A sunken courtyard brings light into the basement, which contains locker rooms, storage areas and a briefing room.
We've featured a few police stations on Dezeen, including a textured concrete building in Georgia and a mobile police office in Hanover.
See all our stories about police stations »
Photography is by David Zarzoso.
Here's a project description from the architects:
Police Station and Multipurpose Space in Xixona
The space requirement program requested by the developer (Townhall) included all the departments, public and restricted use, necessary for the proper operation of a facility of this nature.
In the office we thought to incorporate a public space which could be used by the neighborhood as a multipurpose space that would allow us to provide greater flexibility to the building.
The inclusion of this multifunctional space in a building with so defined program, allowed us to bring the work of the police to citizen and converting the facility into a magnet for the local people on which, in some way, could begin to turn the social life of the neighborhood in which it is located, out in the suburbs.

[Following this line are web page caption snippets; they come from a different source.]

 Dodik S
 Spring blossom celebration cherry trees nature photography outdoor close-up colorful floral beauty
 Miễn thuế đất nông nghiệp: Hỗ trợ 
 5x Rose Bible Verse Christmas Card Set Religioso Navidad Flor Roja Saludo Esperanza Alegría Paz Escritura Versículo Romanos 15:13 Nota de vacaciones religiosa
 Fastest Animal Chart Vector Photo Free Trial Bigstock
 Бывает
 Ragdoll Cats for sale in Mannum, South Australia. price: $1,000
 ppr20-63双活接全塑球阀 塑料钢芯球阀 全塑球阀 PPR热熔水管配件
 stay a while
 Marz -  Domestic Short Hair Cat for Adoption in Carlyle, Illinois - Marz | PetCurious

The steep slope of the plot made us think about two layered volumes, parallel to the Avenida Joan Fuster and with a small displacement between them.

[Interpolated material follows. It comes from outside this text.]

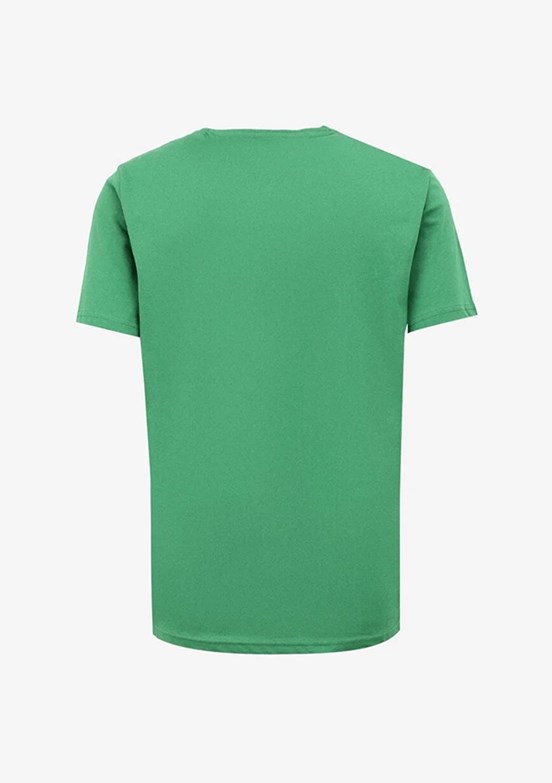 U.S. Polo Assn Yeşil Erkek Basic T-Shirt
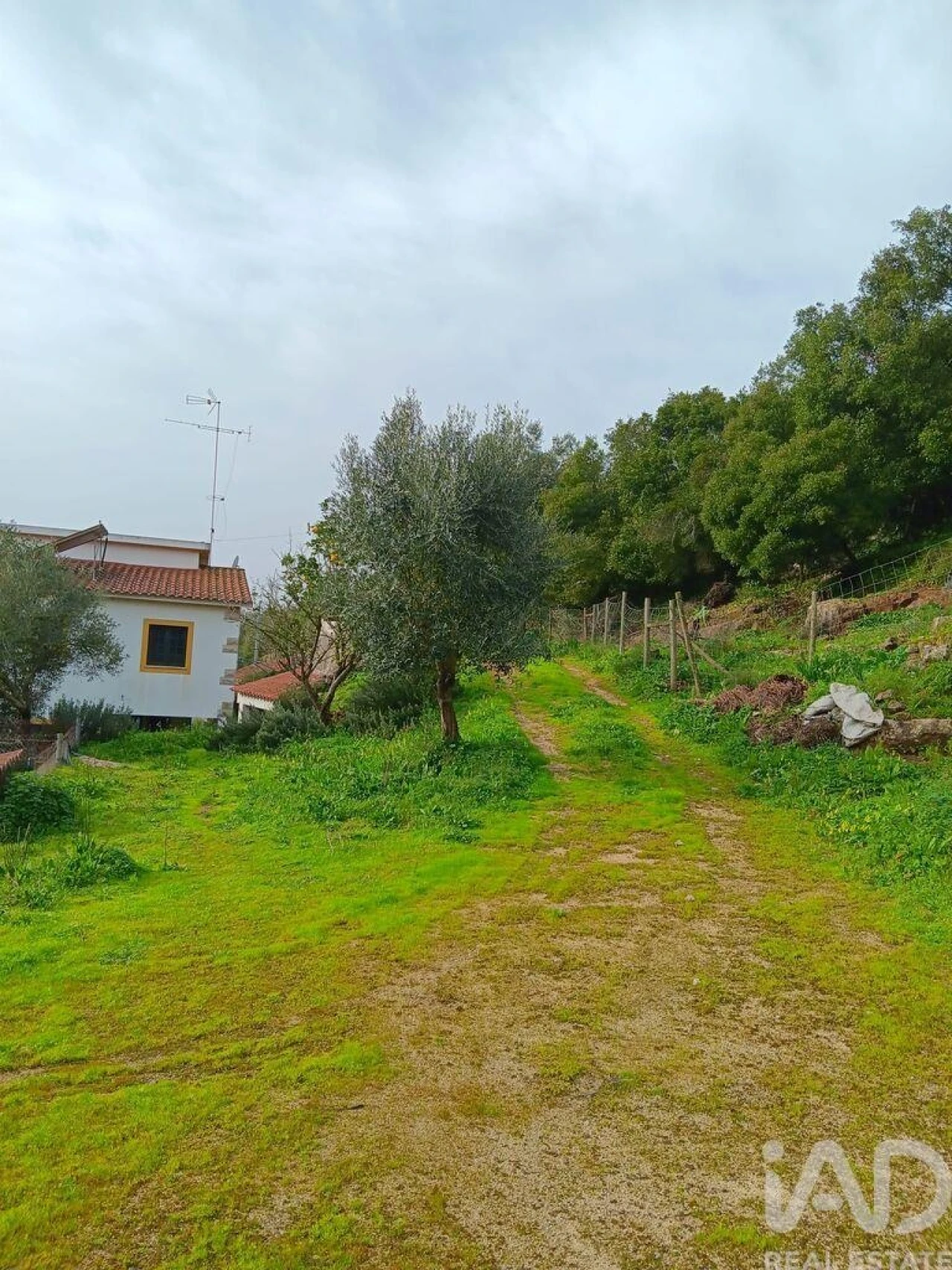 Moradia T4 para Venda em Alcobaça e Vestiaria Foto 3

In this way the upper body includes the entry from the avenue that is configured as a ramp, which with a slope opposite to that of the street, allows in the most natural way the entry into the building.
This ramp is integrated inside the building being covered by a perforated aluminium lattice.

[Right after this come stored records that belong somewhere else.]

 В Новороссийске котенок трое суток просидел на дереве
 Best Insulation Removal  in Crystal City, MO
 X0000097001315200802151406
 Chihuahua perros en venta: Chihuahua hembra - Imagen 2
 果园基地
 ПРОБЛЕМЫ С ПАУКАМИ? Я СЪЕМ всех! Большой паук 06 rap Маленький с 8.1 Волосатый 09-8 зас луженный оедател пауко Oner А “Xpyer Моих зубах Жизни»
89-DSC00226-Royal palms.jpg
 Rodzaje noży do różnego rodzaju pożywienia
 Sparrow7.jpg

Around the corner this body, previously understood as ground floor, becomes the first floor and with its cantilever marks the entrance to the multipurpose space. On the first floor we placed the public program of the Police building.
The ground floor space is shared between the versatile space for the neighborhood and restricted use for the Police building. In the basement, lit by a courtyard, we placed the locker rooms, the briefing room and a large warehouse.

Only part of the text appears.